Connections Between Literacy and the Parent
The connection between a parent’s literacy skills and their child’s literacy skills is undeniable. While both parents can and should be involved with teaching children to read, mothers are especially important teachers. Mothers who are more highly educated have greater success rates in providing their children with the cognitive and language skills that contribute to early success in school.
Parental involvement is the most important factor of early literacy success and scholastic achievement. When parents get involved in teaching their children to read from an early age, those children have a competitive edge. Moreover, parents can exert a strong influence in making sure their growing tweens and teens remain lifelong readers.

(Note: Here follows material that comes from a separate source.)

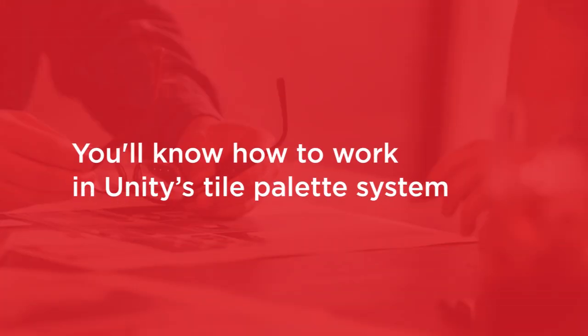By the end of this course, you'll know how to work in Unity's Tile Palette system and be able to make 2D levels fast and iterate quickly.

Low literacy rates in pre-teen girls significantly predict child-bearing among teenagers in the U. S. Teen parents have unique needs and challenges, especially with literacy. Therefore, some librarians in the U.S., like Ellin Klor and Sarah Norhausen, have implemented programs specifically geared to promote lifelong literacy for families headed by teen parents.
Research has shown that low-literate parents, particularly mothers, are more likely to exert a positive influence on their children’s academic achievement when they are able to enhance their own literacy skills.
Even in traditional households, encouraging lifelong reading can be a challenge, even when parents are literate. Studies show that 25% of students entering ninth grade read at “below basic” levels, unable to understand newspapers, news magazines or their own textbooks. Ruth Schoenbach, co-director of WestEd postulates that happens because the reading changes, saying “”All of a sudden, they’re thrown into six different classes and carry huge, 25-pound textbooks with chapters, main ideas and summaries. It’s a completely different world.” Parents can help at home by creating fun and age-appropriate literacy activities for teens and tweens, including getting them library cards and letting them choose their own recreational reading materials. Bilingual teens and tweens should be encouraged to read in both languages.
In the final analysis, reading is not something we learn in the first few years of school and then set aside. Literacy is key to continued academic success and, ultimately, graduation. It’s imperative that parents create home environments and opportunities that encourage lifelong literacy in their teens and tweens and seek to improve their own literacy, if needed, to ensure their children’s success in school and beyond.